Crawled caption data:

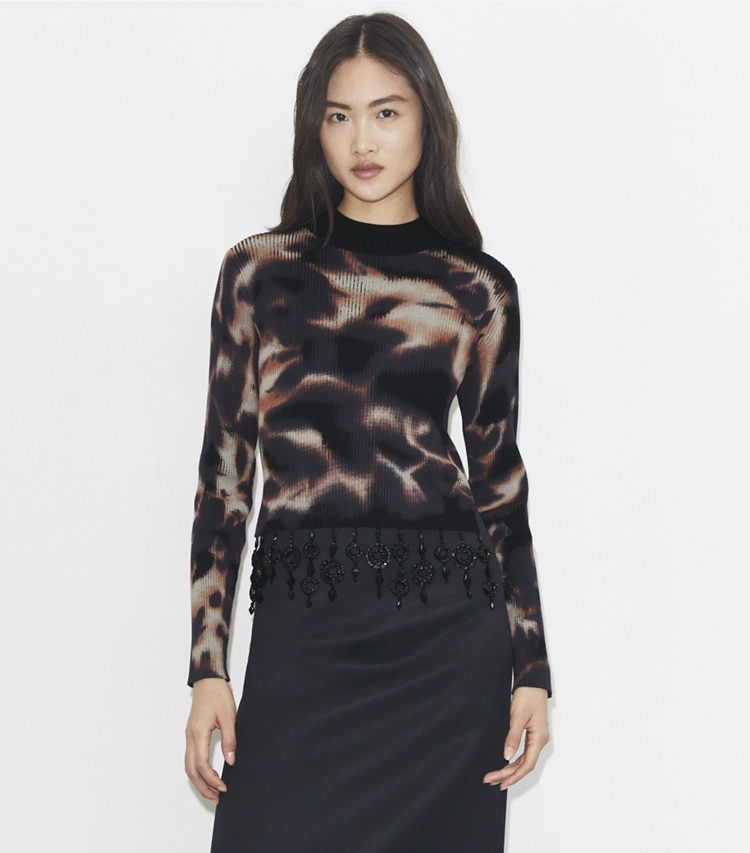 Tory Burch designer sweaters Embellished Cotton Top in Black / Brown on model detail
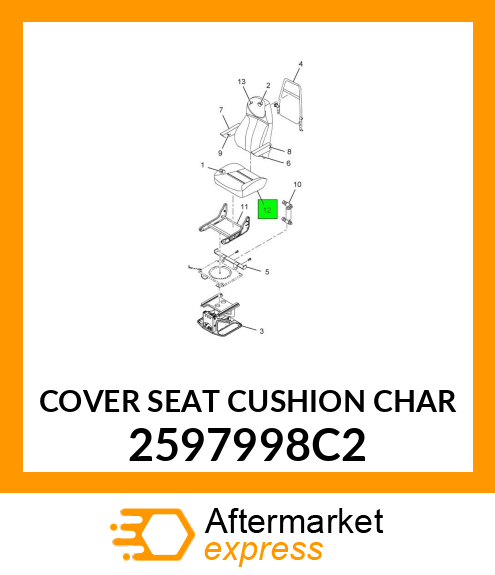 COVER SEAT CUSHION CHAR 2597998C2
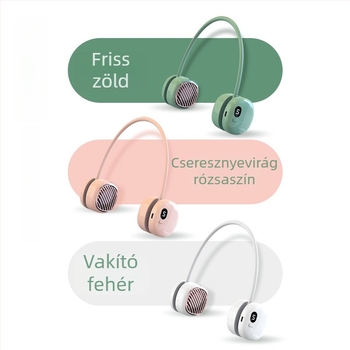 Lapat nélküli nyakventilátor, hordozható, összecsukható, digitális kijelzővel, öt sebesség, csendes, erős légáramlat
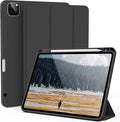 kenke Case for iPad Pro 11 Inch 4th/3rd/2nd Generation (2022/2021/2020) with Pencil Holder, Slim Trifold Smart Cover with Soft TPU Back, Support 2nd Gen Pencil Charging, Auto Sleep/Wake, Black
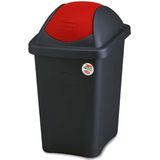 YILTEX – Bascula – Vuilnisbak / Vuilnisbak Afvalscheiding / Afvalscheiding / Prullenbak Afvalscheiding / Prullenmand – Rood Met Zwart– 60l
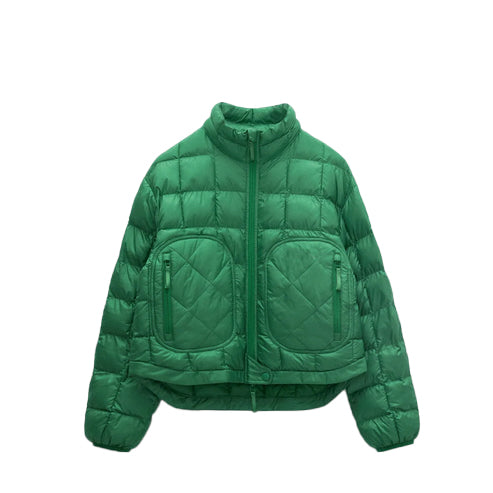 Women’s Green Down Winter Puffer Jacket – Warm & Lightweight
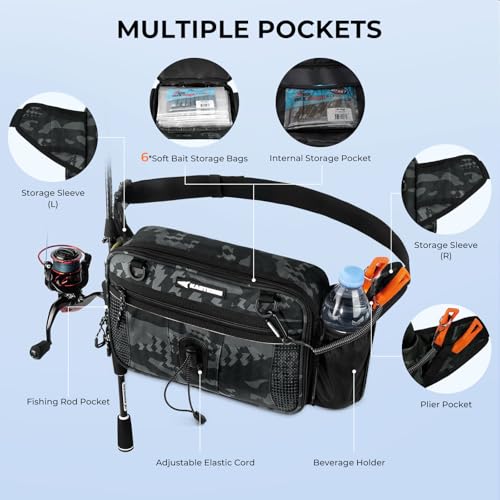 KastKing BaitSpace Waist Bag – Waterproof Tackle Storage Bag With Adjustable Belt, Fishing Fanny Pack for Men, Soft Bait Organizer, 3600 Utility Box, Rod Holder, Nylon - color: Black Camo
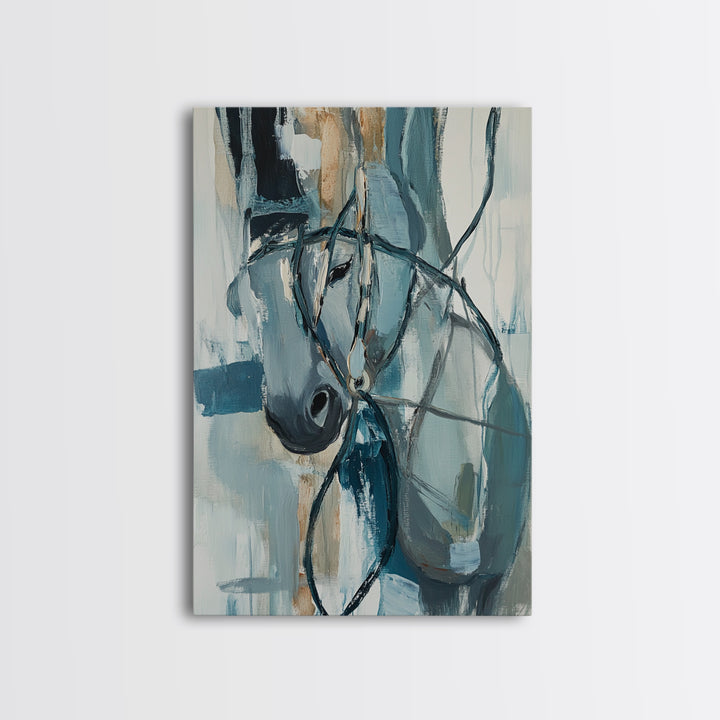 Abstract Horse, Moody Art, Horse Wall Art, Coastal Cowgirl Wall Art, Framed Canvas Print, Equestrian Decor, Rustic Art, Farmhouse Style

• [Work instructions]:
Your output should be the lines above from the one that contains "COVER SEAT CUSHION CHAR 2597998C2" through the one that contains "kenke Case for", word for word, with pictures left out.

• [Answer to this exercise]:
 COVER SEAT CUSHION CHAR 2597998C2
 Lapat nélküli nyakventilátor, hordozható, összecsukható, digitális kijelzővel, öt sebesség, csendes, erős légáramlat
 kenke Case for iPad Pro 11 Inch 4th/3rd/2nd Generation (2022/2021/2020) with Pencil Holder, Slim Trifold Smart Cover with Soft TPU Back, Support 2nd Gen Pencil Charging, Auto Sleep/Wake, Black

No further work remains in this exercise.